I stumbled across this whilst researching my next article.  It makes interesting reading. 

I have Diana's book and it's excellent, although a little too scientific for my small brain!

http://acuariorosa.blogspot.co.uk/2009/ ... lstad.html


----------



## Garuf (16 May 2012)

Have you seen this? http://www.atlasbooks.com/marktplc/00388Shrimp.pdf
Hc growing in an El Natural after a DSM.


----------



## Garuf (16 May 2012)

> "ADA- don’t what it is"


----------



## Alastair (16 May 2012)

Interesting read. I did realise though that Diana mentions to use 2.5cm of unfertilised soil which is interesting as she usually recommends miracle grow or John innes etc. 
Either way a good read 


Sent from my iPhone using Tapatalk


----------



## Iain Sutherland (16 May 2012)

Nice article,  her book made my head spin too george!


----------



## Ian Holdich (16 May 2012)

Garuf said:
			
		

> > "ADA- don’t what it is"




saw that and thought...she's taking the Micheal there...looking forward to your article George are you gonna disprove any of her theories??


----------



## dw1305 (16 May 2012)

Hi all,
I hadn't seen this interview before, but I still think she makes a lot of sense for the less plant orientated fish keeper. 
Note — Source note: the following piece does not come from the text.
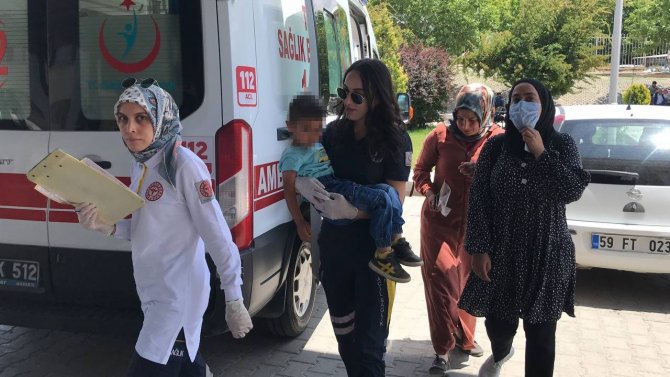 3 Yaşındaki Çocuğu Kene Isırdı, Ailesi Eliyle Çıkardı, Semptomlar 5 Gün Sonra Ortaya Çıktı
> Adequate lighting, 2.5 cm underlayer of an unfertilized soil, large diversity of plant species, moderately hardwater, well-fed fish, and patience.


I think this recipe is likely to work for the majority of people who just want a "tank with plants", and it is the plants that make the difference. A "tank with plants" is enough to ensure much higher quality water than they would get in a tank without plants, even if the resulting tank doesn't satisfy everyone's aesthetic requirements.

cheers Darrel


----------



## Brenmuk (16 May 2012)

She doesn't seem big on aquascaping which is a shame. I see aquascaping and the method of growing plants a separate aspects of the hobby.

Also the picture at the top of the acuariorosa webpage I think is someone else called Pam Chin
See half way down this webpage - she just happens to be holding Diana's book.

http://www.greenstouch.com/gallery_misc_events_njas_50th1.htm


----------



## George Farmer (16 May 2012)

ianho said:
			
		

> ...looking forward to your article George are you gonna disprove any of her theories??


It's just a general overview of the different methodologies out there for growing plants. Nothing groundbreaking for regular UKAPS members but newbies may learn a few things.


----------



## Tim Harrison (17 May 2012)

> It's just a general overview of the different methodologies out there for growing plants. Nothing groundbreaking for regular UKAPS members but newbies may learn a few things.



Sounds like it will make an interesting article all the same, and it will be useful to be able to compare methodologies side by side. So I guess you will be mentioning the traditional low-energy and high-energy approaches. 

If you intend to mention my concept of hybrid-energy© or hybrid-tech©, I will expect full credit and payment for the use of my intellectual property rights. 

Tim


----------